Lauren Livak Gilbert (26:14):
What I see is it's a big unlock of time for people who are working in, let's take commerce for example, like all those remedial tasks that you would love for someone to take off your plate so you can be more strategic or so that you can create a content strategy and not have to build everything or look at every single SKU on Amazon and type that there's no batteries in your shampoo. I did do that once when I was a brand. So it's just unlocking those moments and then being to do other things that are going to drive the business. And I really look at it, especially from the in-store side for people who are focused on in-store in an organization, what can AI take away so that they can bring e-commerce more into their umbrella and they're more omni-channel focused. That's where I see the future of organizations moving.
(27:05):
You're not siloed within, I work on in-store sales or I work on online sales. Like you are an omnichannel leader that looks across the business. And to me, AI is that unlock that will finally enable us to do that because you can't just add more humans. You just can't duplicate your in-store team to mimic on the online side. That's just not feasible. So AI will enable you to do that and to infuse more of those elements throughout the business so you're more holistically focused on the customer or the consumer journey, excuse me, and not just on the channel.
Julie Spear (27:43):
I like the take that you both offered there and I don't know if that's the next report for Digital Shelf Institute. I feel like it should be now. I don't know. I won't push an agenda here of my own, whatever it is, whatever the topic is. We'll, of course have you back, Lauren. John, it was great having you on to dig into this with us today. And thank you both for taking the time to do the research and framing this report and then to come and talk with me and Jordan today about it. So it was lovely having you both here. Thank you. Thank you.

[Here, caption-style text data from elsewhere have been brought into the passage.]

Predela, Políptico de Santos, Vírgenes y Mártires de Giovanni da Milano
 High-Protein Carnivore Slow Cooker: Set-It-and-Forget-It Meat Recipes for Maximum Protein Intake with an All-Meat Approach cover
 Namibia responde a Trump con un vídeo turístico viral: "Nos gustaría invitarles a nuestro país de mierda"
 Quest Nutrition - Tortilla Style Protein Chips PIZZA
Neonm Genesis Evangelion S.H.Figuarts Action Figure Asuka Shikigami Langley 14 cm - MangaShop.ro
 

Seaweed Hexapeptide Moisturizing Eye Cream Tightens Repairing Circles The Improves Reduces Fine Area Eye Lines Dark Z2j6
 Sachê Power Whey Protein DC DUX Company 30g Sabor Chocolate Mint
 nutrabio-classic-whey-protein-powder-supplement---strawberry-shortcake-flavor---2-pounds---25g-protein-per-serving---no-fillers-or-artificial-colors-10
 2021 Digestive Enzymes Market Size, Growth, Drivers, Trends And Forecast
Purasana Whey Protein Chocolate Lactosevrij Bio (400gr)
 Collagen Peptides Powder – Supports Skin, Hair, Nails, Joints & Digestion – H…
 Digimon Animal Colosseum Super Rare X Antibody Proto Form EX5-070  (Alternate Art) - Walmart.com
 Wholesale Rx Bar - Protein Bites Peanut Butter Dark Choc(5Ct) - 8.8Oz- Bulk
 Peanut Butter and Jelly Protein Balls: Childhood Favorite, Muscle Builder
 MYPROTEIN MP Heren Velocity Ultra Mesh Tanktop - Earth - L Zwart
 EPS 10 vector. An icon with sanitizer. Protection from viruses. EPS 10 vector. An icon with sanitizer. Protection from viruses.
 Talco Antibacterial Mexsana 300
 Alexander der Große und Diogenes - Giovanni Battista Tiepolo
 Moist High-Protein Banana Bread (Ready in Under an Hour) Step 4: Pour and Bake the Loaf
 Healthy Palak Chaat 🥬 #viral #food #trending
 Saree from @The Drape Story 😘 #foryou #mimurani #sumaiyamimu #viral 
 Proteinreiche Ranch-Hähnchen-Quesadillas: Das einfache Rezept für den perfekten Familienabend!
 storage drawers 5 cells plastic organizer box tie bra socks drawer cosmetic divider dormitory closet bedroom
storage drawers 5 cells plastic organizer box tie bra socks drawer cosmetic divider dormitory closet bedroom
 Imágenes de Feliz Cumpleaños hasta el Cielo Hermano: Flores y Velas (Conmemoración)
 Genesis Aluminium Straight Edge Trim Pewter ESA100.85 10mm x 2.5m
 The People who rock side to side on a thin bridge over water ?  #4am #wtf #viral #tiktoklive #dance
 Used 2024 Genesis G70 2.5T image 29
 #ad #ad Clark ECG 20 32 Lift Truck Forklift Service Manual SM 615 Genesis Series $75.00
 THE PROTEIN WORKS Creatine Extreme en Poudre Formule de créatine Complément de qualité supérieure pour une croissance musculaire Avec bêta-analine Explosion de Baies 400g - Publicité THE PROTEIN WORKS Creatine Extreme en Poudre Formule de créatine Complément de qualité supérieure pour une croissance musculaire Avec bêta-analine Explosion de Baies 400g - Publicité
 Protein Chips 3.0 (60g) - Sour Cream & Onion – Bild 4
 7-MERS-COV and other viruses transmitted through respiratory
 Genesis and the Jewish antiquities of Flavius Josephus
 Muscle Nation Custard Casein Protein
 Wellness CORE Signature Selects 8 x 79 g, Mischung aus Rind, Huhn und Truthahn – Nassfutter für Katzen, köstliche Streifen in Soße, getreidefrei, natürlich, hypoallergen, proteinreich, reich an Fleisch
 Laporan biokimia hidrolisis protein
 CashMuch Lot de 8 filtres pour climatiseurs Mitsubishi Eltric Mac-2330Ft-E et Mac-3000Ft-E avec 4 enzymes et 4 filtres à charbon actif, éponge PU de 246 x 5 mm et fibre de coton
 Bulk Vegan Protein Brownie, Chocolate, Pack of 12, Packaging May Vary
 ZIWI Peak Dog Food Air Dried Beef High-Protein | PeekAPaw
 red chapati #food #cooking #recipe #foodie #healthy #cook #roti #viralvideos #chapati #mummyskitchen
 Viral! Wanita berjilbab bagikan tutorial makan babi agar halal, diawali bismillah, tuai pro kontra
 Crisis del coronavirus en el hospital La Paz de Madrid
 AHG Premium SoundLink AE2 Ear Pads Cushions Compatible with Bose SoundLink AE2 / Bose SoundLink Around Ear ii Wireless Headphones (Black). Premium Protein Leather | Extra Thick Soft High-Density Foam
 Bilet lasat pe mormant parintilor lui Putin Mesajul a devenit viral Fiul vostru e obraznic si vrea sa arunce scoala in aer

Lauren Livak Gilbert (28:17):
Thanks for having us. And a quick plug, if you go to digital shelf institute.org and you click on resources, you'll be able to download the full report and hopefully it will be helpful in your organization
Julie Spear (28:27):
And we will make sure to include it in our show notes as well and when we share this episode out. So all sorts of ways to access it.
Lauren Livak Gilbert (28:35):
Thank
Julie Spear (28:35):
You.
Lauren Livak Gilbert (28:37):
Thank you for listening and as always, thank you for being a member of our community.